On the other hand, consider Elsa. Elsa, too, does not initially have an appreciation jazz and also comes to love it. In her case, however, the change is the result of Elsa joining a cult which, as a central pillar of their ideology, venerate a love of jazz. The cult makes use of elaborate means of coercive persuasion, involving psychological techniques as well as psychoactive substances, in order to get all of their members to appreciate jazz.

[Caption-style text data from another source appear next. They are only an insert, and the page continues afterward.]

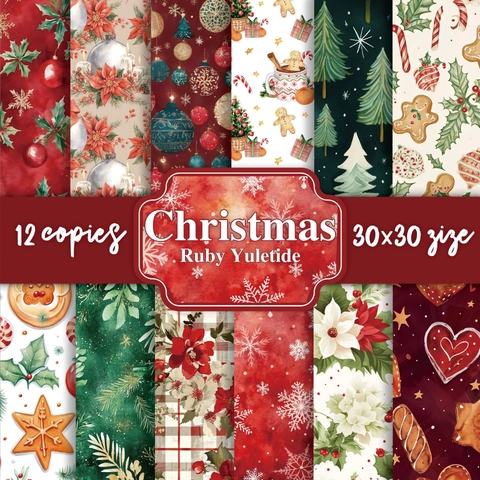 Carta Per Scrapbook Di Natale Ad Acquerello Fogli Per Artigianato Decorativi Per Diari Motivi Festivi Fornitura Per Diario Delle Vacanze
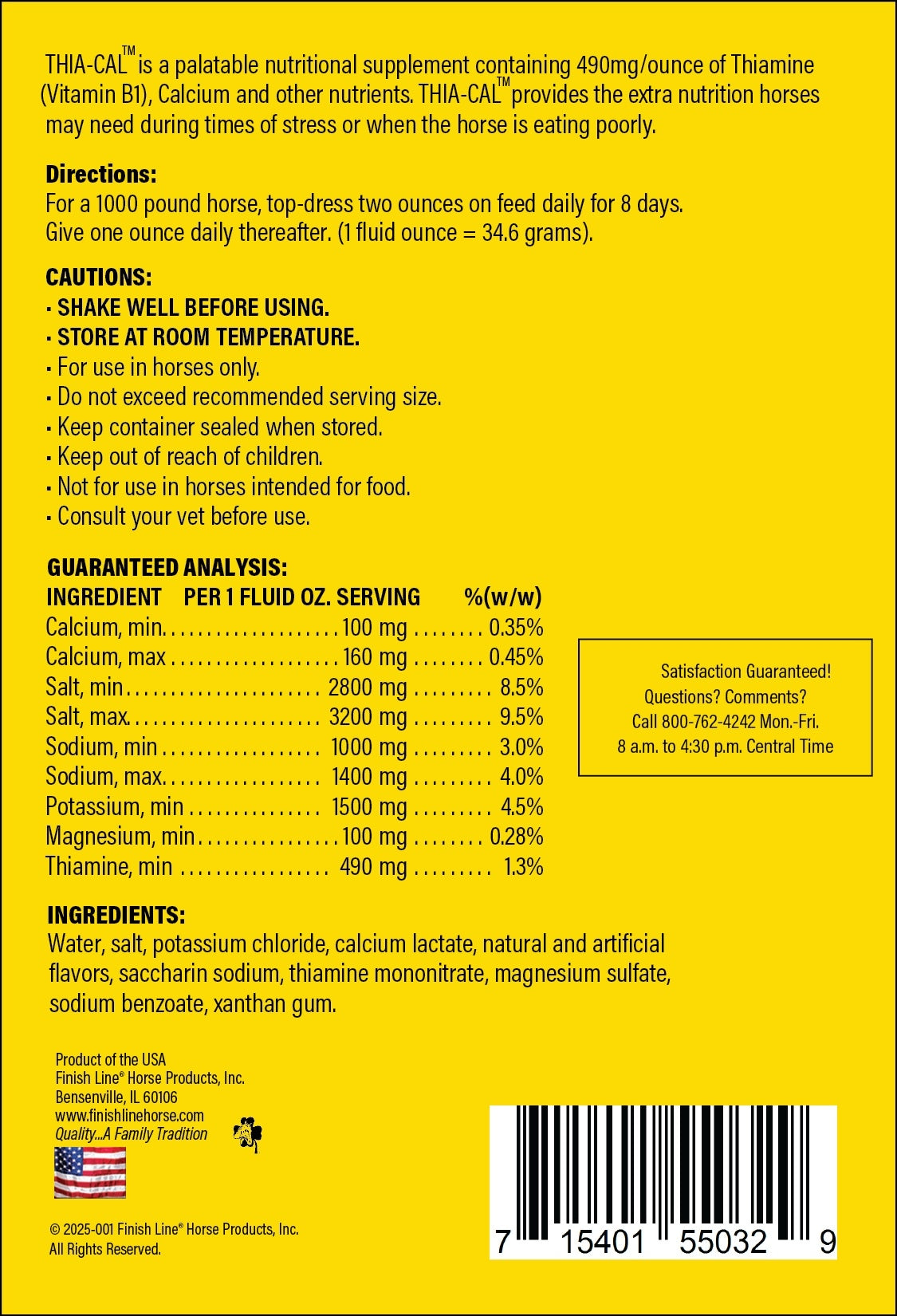 Thia-Cal Liquid B1 Supplement For Horses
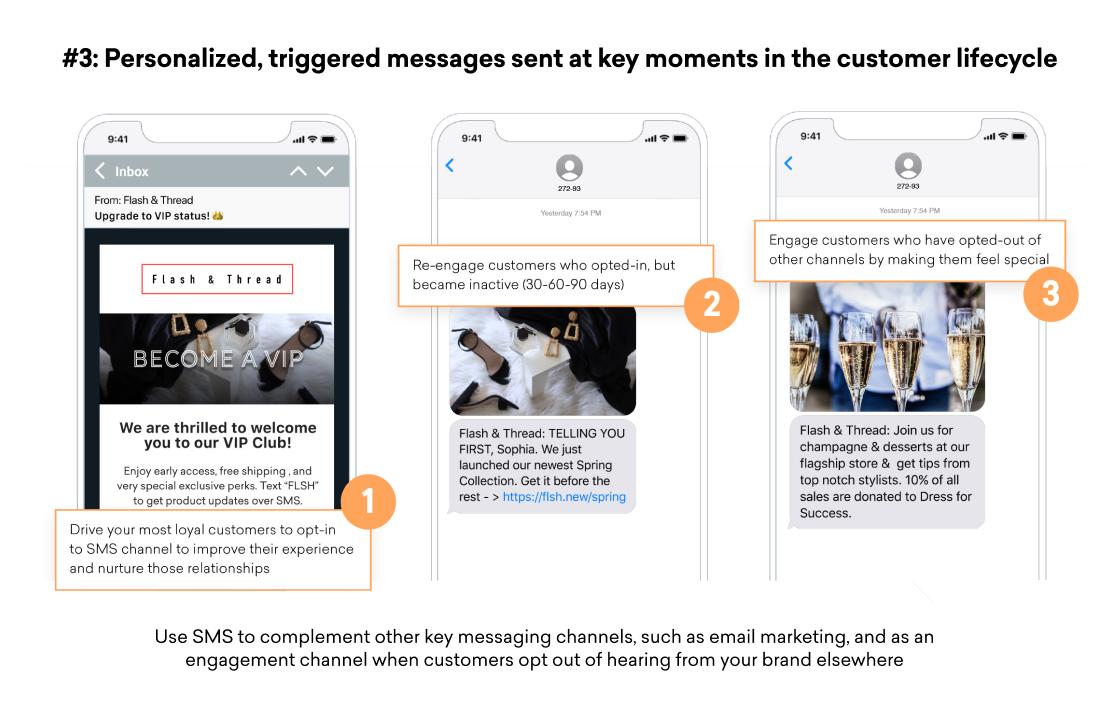 Slide showing three smartphone screens with SMS examples that illustrate personalized, triggered messages used to welcome VIP customers, re-engage inactive subscribers, and make opted-out customers feel special with exclusive offers.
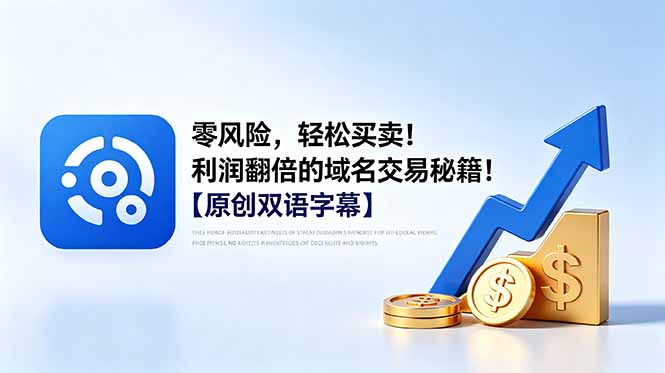风险可控域名交易秘籍，低价收购高价转售利润翻倍【双语字幕】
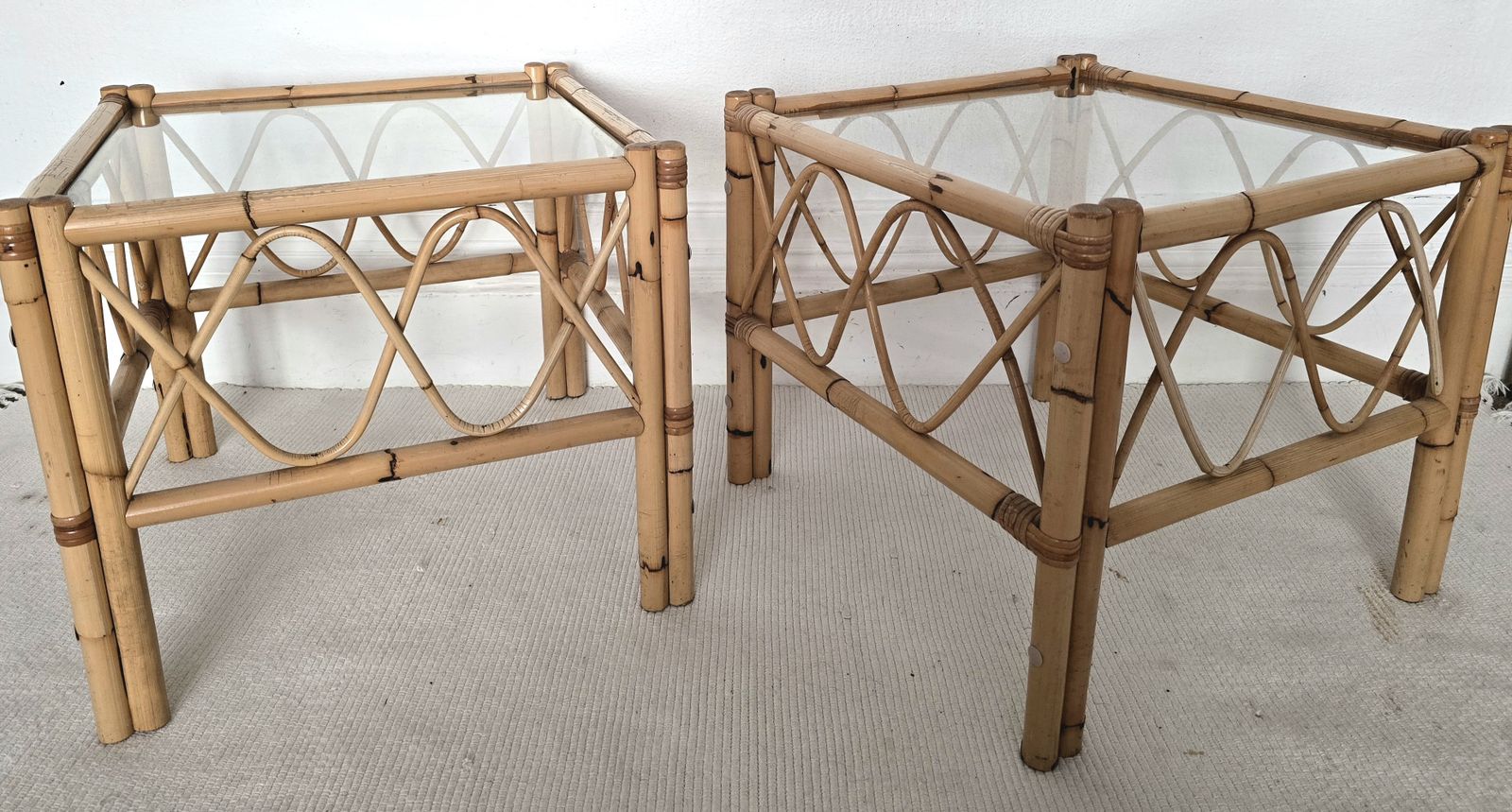 A Pair Of Vintage Bamboo & Glass Bedside Tables. photo vintage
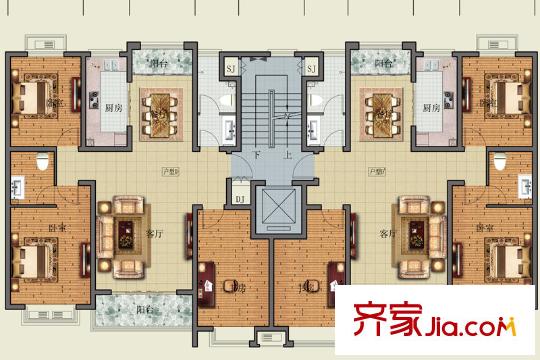 學(xué)苑花園二期東西戶D戶型 3室2廳2衛(wèi)1廚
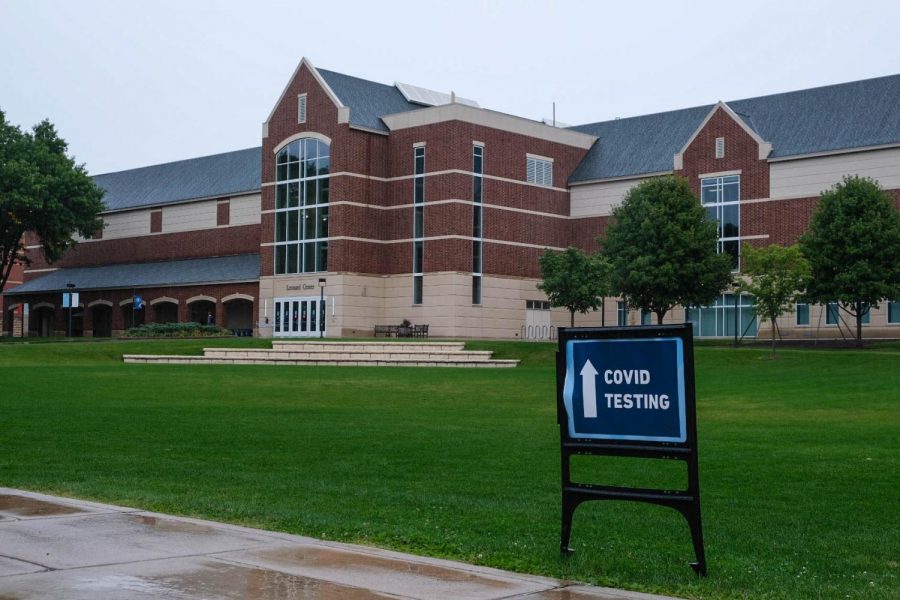 COVID testing sign in front of the Leonard Center in September. Photo by Malcolm Cooke 21.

I think this is an unfortunate example, as cults are quite ineffectual at retaining people (1% retention rates are good, for a cult!). Adressing the core point, I think people overstate how bad value-shifts are, as we humans implicitly accept them all the time whenever we move to a new social group. In some sense, we hold the values of a group kind of lightly, as a sort of mask. But because inauthentically wearing a mask fares worse under social scrutiny than becoming the mask, we humans will really make our social group’s values a deep part of us. And that’s fine! But it makes it tricky to disentangle what sorts of value changes are, or are not, legitimate.
(Going on a rant now because I couldn’t resist).
And such shifts certainly exist! Like, if you don’t think a tamping iron spikes through my skull and causes my personality to radically shift is an illegitimate value change, then I’ve got some brain surgery I want to try out on you.
Which suggests a class of value-changes that we might think of as illegitimate: shifts caused by a cartesian-boundry violating event. If something re-arranges the insides of my skull, that’s murder. And if it ain’t, it is an illegitmate value shift. If some molecular system slips past my blood-brain barrier and causes my reward centers to light up like a firework, well, that’s probably Heroin. And it is violating my boundry, which means it is causing an illegitimate value shift. And so on.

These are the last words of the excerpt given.